* [WHAT YOU WILL DO]: Could you transcribe exactly the lines below, from the line with "Bed and Breakfast" through the line with "Ilustrasi treatment wajah", and nothing else, leaving out the pictures?

* [DATA]:
———

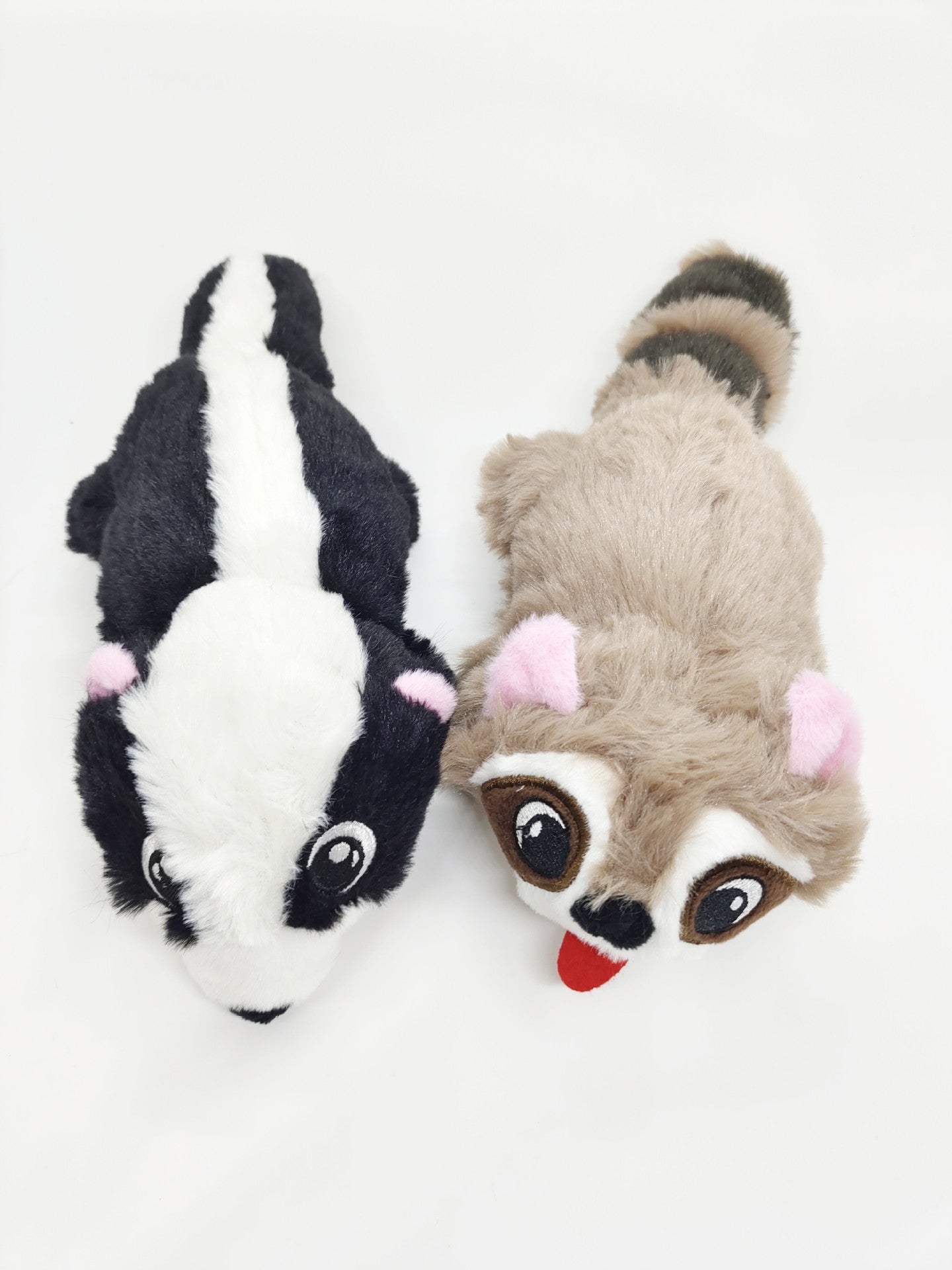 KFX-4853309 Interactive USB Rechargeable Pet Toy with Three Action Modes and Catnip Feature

———

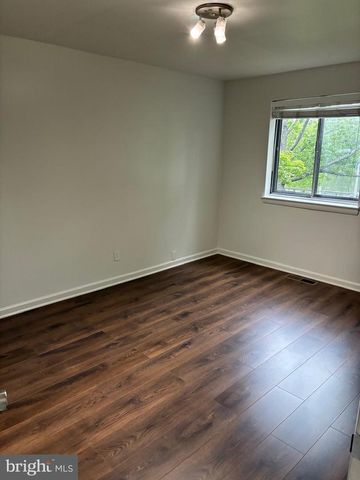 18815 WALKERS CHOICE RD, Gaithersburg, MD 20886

———

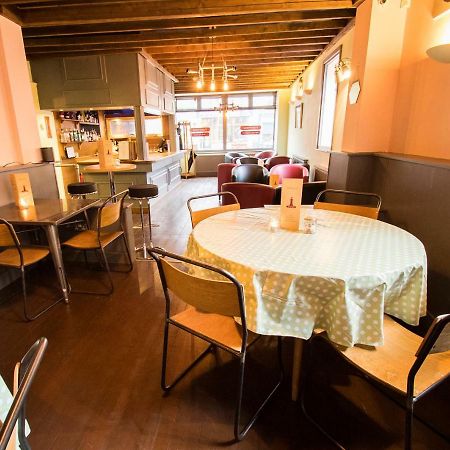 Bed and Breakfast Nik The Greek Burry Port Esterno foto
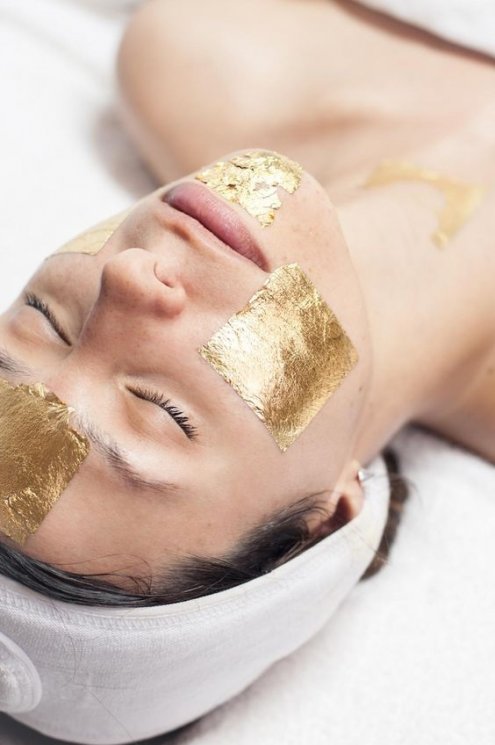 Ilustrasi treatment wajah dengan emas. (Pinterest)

———

* [ANSWER TO THE EXERCISE]:
 Bed and Breakfast Nik The Greek Burry Port Esterno foto
 Ilustrasi treatment wajah dengan emas. (Pinterest)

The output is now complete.